We can do proportional stratified sampling in Pandas by sampling with parameter x.sample(frac=0.1)
:
(df
.groupby('continent', group_keys=False)
.apply(lambda x: x.sample(frac=0.1))
)
This will give us countries proportioned to the initial population:
country | continent | year | lifeExp | freq | |
---|---|---|---|---|---|
491 | Equatorial Guinea | Africa | 2007 | 51.579 | 52 |
335 | Congo, Dem.
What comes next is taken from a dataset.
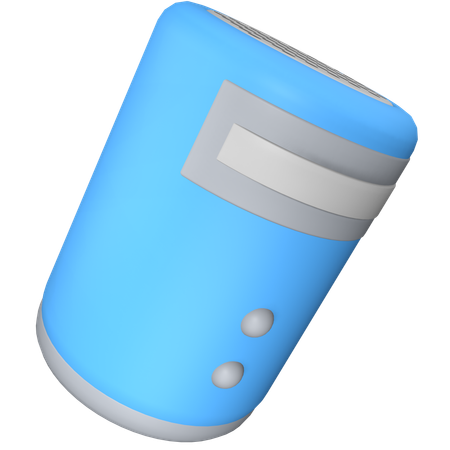 Smart Air Purifier  3D Icon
Rep. | Africa | 2007 | 46.462 | 52 |
1691 | Zambia | Africa | 2007 | 42.384 | 52 |
131 | Benin | Africa | 2007 | 56.728 | 52 |
1571 | Tunisia | Africa | 2007 | 73.923 | 52 |
443 | Dominican Republic | Americas | 2007 | 72.235 | 25 |
1643 | Venezuela | Americas | 2007 | 73.747 | 25 |
815 | Jordan | Asia | 2007 | 72.535 | 33 |
1655 | Vietnam | Asia | 2007 | 74.249 | 33 |
875 | Lebanon | Asia | 2007 | 71.993 | 33 |
1607 | United Kingdom | Europe | 2007 | 79.425 | 30 |
1091 | Netherlands | Europe | 2007 | 79.762 | 30 |
539 | France | Europe | 2007 | 80.657 | 30 |
Africa is the most represented continent while Oceania is missing from this sample.
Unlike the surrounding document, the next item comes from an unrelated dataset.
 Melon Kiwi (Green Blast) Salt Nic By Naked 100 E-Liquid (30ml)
color row based on column value
If you like to learn how to style each group into different color check: color Pandas DataFrame based on value
def format_color_groups(df):
colors = ['gold', 'lightblue']
x = df.copy()
factors = list(x['continent'].unique())
i = 0
for factor in factors:
style = f'background-color: {colors[i]}'
x.loc[x['continent'] == factor, :] = style
i = not i
return x
d1.style.apply(format_color_groups, axis=None)
The result is:
group by sample weights in Pandas
We can use weights to get proportional sampling. First we need to calculate the weights of each stratum:
Calc weights - groupby + .transform('count')
df['weight'] = (df
.groupby('continent')
.country
.transform('count')
)
as a result we have Pandas series which contains the weight for each row:
11 33
23 30
35 52
47 52
59 25
..
1655 33
1667 33
1679 33
1691 52
1703 52
Name: country, Length: 142, dtype: int64
Calc weights - equal representation
To get equal representation of each group we can calculate the weights:
df['weight'] = 1./(df
.groupby('continent')
.country
.transform('count')
)
The get disproportional rate:
11 0.030303
23 0.033333
35 0.019231
47 0.019231
59 0.040000
...
1655 0.030303
1667 0.030303
1679 0.030303
1691 0.019231
1703 0.019231
Name: weight, Length: 142, dtype: float64
Calc weights - map and value_counts
We can achieve the same result by .map
and .value_counts()
df['weight'] = (df
.continent
.map(df['continent'].value_counts())
)
sampling with weights
To do sampling with respect to distribution of a value in a given column we can use the calculate frequency for parameter weights
:
df.sample(n=10, weights = df['weight'])
Result is weighted sampling:
country | continent | year | lifeExp | freq | weight | |
---|---|---|---|---|---|---|
851 | Korea, Rep. | Asia | 2007 | 78.623 | 33 | 33 |
491 | Equatorial Guinea | Africa | 2007 | 51.579 | 52 | 52 |
1043 | Mozambique | Africa | 2007 | 42.082 | 52 | 52 |
1175 | Pakistan | Asia | 2007 | 65.483 | 33 | 33 |
1223 | Philippines | Asia | 2007 | 71.688 | 33 | 33 |
1667 | West Bank and Gaza | Asia | 2007 | 73.422 | 33 | 33 |
1031 | Morocco | Africa | 2007 | 71.164 | 52 | 52 |
1139 | Nigeria | Africa | 2007 | 46.859 | 52 | 52 |
1559 | Trinidad and Tobago | Americas | 2007 | 69.819 | 25 | 25 |
635 | Guinea-Bissau | Africa | 2007 | 46.388 | 52 | 52 |
Conclusion
In this article, we took a closer look at stratified sampling in Pandas and how to apply it in practice. We covered the two main approaches in stratified sampling - disproportionated and proportionated.
Finally we explain how to use weights to sample and groupby in Pandas DataFrame.